Flat UMC

by Chris Ritter

Since reading legislative proposals for GC2016 that would add additional layers to our already top-heavy denominational structure, I have been thinking about what the United Methodist Church might look like if it were, instead, “flatter”.  A flat organization is one in which decisions are made horizontally without vertical layers of approval.  Frankly, we cannot get there under our present structure.  However, there might be some ways to make the UMC more democratic and better reward effectiveness.  The UMC might feel flatter if there was greater empowerment on the local and annual conference to choose how to live out our ministry in the church.

Here are five rules for a Flat UMC:

RULE # 1:  Annual Conferences may overlap geographically.

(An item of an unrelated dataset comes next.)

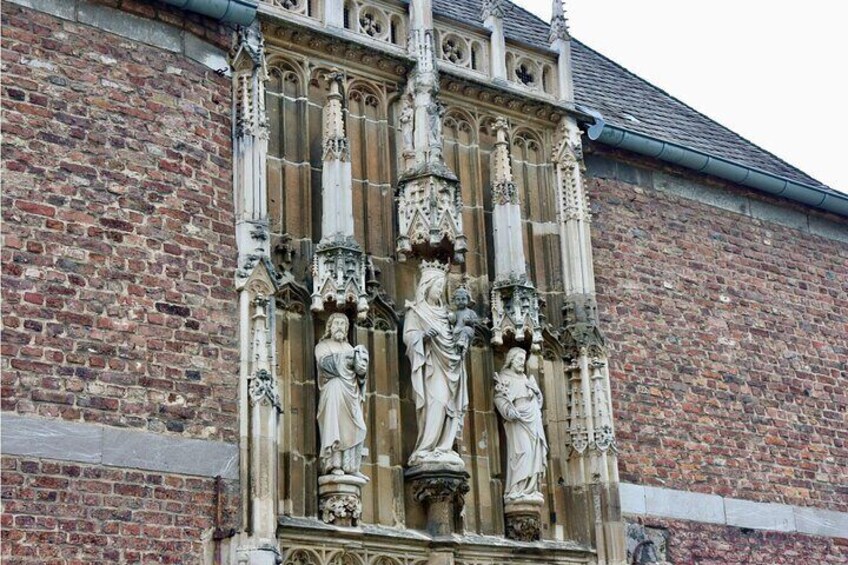 A Gothic-style window with intricate stone carvings and statues. 4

We already have this in some places, as with missionary conferences.  I am suggesting that annual conferences may service whatever geography they feel they can effectively serve.  Over time I expect they would evolve into something more akin to regional ministry networks instead of geographic states in a union.

RULE #2:  Local churches may join whatever annual conference is willing to service their location and may reconsider their conference affiliation once every four years. 

Local churches should not feel trapped ideologically by their geography.  They should be able to be part of any UM annual conference with which they might find ministry synergy.  Annual conferences, perhaps through the cabinet, should have the ability to negotiate with interested congregations.  To provide stability, these decisions would only be made once every four years.  (A pastor could continue to serve an exiting church as an appointment outside of the conference).  Instead of losing churches to the denomination, would we not be better off to let them find another UM annual conference?  It might be healthy for congregations to think about what relationships best assist them in their mission.  It would be healthy for annual conferences to make sure they are giving a good value to their local churches for the dollars paid in through apportionments. It would also incentivize annual conferences to maintain the highest quality clergy pool from the viewpoint of the local churches they serve.

RULE #3:  Annual conference may join any jurisdiction they wish, and this decision may be revisited every four years.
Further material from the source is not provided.